I am trying to upgrade my cluster from runtime 6.4 to 9.0 or 10.0. I am able to do that successfully but I have a notebook that is supposed read data from Cosmos DB (Cassandra) to load into databricks. The jobs runs fine with 6.4 but fails in 9.0 or 10.0.

Considering that fact that upgrading requires, new driver and connector version. I tried to install the libraries from maven and also tried to download jar files from third party sites but I believe I couldn't get to the right connector / driver.
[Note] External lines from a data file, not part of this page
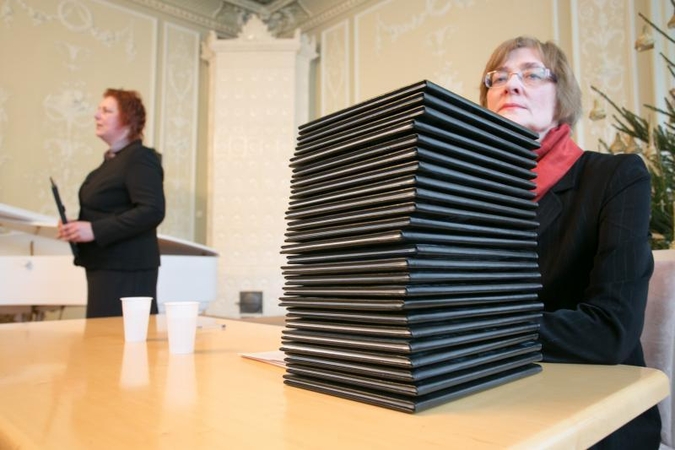 Dviem dešimtims kūrėjų įteiktos Kultūros ministerijos premijos 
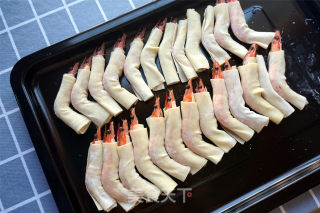 酥皮沙虾的做法步骤：3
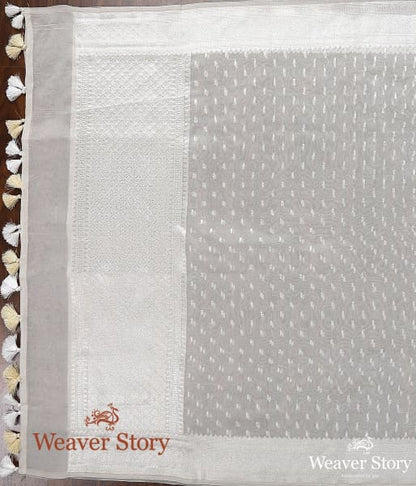 Handwoven_White_Organza_Silver_Booti_Dupatta_WeaverStory_04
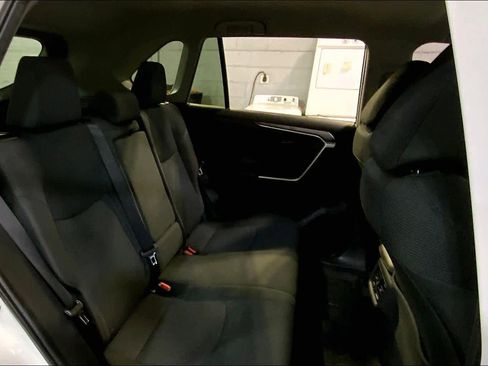 Used 2023 Toyota RAV4 LE image 19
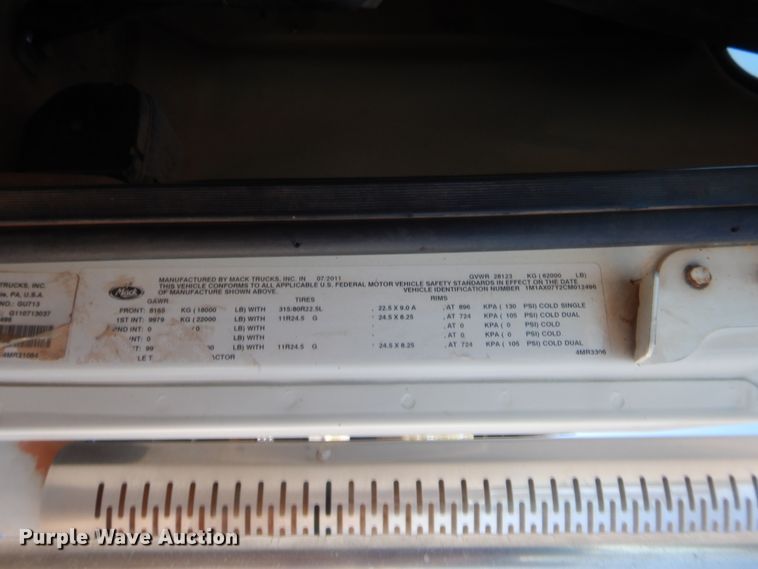 image for item HS9714 2012 Mack GU713  semi truck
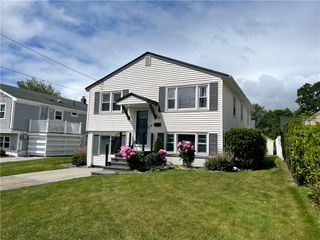 83 Eustis Avenue, Newport, RI 02840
Require guidance in getting the right libraries for 9.0 or 10.0 runtime.

Below is the code that I am using:

// To import all the cassandra tables
import org.apache.spark.sql.cassandra._
//Spark connector
import com.datastax.spark.connector._
//import com.datastax.spark.connector._
import com.datastax.spark.connector.cql.CassandraConnector

//import com.datastax.oss.driver.api.core._

//CosmosDB library for multiple retry
import com.microsoft.azure.cosmosdb.cassandra

import org.apache.spark.sql.functions._
import spark.sqlContext.implicits._
import org.apache.spark.storage.StorageLevel

spark.conf.set("spark.cassandra.connection.host","<test>")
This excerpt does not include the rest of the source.